I had a long conversation with a friend yesterday, and he suggested that I share some of my tricks for writing that maybe I haven’t shared before. So, by request – how to trick your brain.

First, these work when you establish a set deadline for yourself. If you don’t have one, you probably don’t need this, and probably have a better relationship with your brain and inner editor than I do. The deadline can be whatever you decide – for me it’s a month, but it could be 3 mos, 6 mos, 12 mos… whatever you decide. It’s your book, after all!

OK, so you have your goal. You’re going to write a novel/memoir/how-to/history book in X number of months. We’ll use 3 for our example.

First, that’s 90 days give or take. If you’re super OCD, please figure out the exact number of days, not forgetting leap year. Got it? OK, so that’s your writing days.
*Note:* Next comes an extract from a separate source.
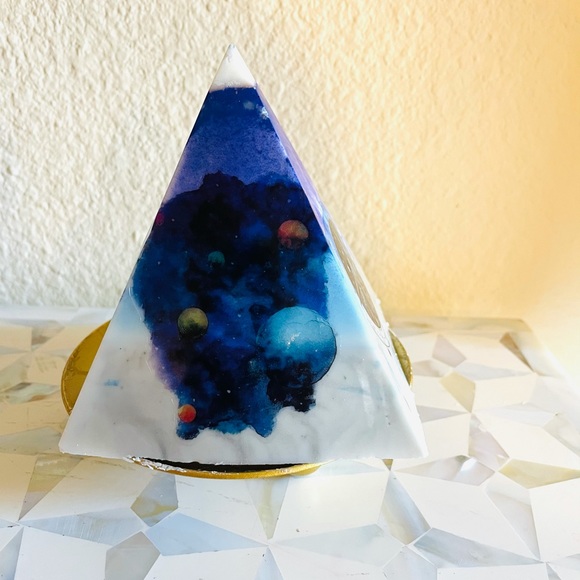 NWT Mountain Galaxy Candle - Picture 3 of 4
Now, subtract days you know you can’t write. Thanksgiving, especially if you’re the cook. Christmas. That week-long camping trip you’ve planned for a year. Your daughter’s wedding. Whatever. So if you started with 90 (I’m not OCD!), and you’ve got 3 definite “no way” days, you’ve got 87.

But are you going to write all 87? Nope, no way. Your brain will get tired, a day trip will come up, you or someone in your house will get sick, or you just want a fun day of freedom. How many? Only you know. It could be one a week, or two a month. Let’s say 3 a month for this example, so now we have 78 writing days.

Take a look at your genre now. Commercial fiction is typically 80-100,000 words, but some can be 125k or longer. How-to and a lot of nonfiction can be 50-60,000, as is Young Adult. Determine your word count. I write commercial fiction usually, and aim for 90,000. I usually end my first draft in the 88k range, but I still plan for 90k. So if we divide the number of words by the number of days, we see that we need to write a minimum of 1154 words a day on the days we’re writing. Jot that down.

OK, so now you’re ready to write. You need a list. I use a stickie note app on my desktop, which I leave open during my writing months, but you could use a spreadsheet or a notebook. Here’s what mine looked like for Undaunted Love:

writing goalsI write either the date or the day number (just 1, 2, 5, 47, whatever). Each day, before I start writing, I write my GOAL number. This number is the daily word goal (in our example that would be 1154) added to the day before. Not to the GOAL from the day before, from the actual.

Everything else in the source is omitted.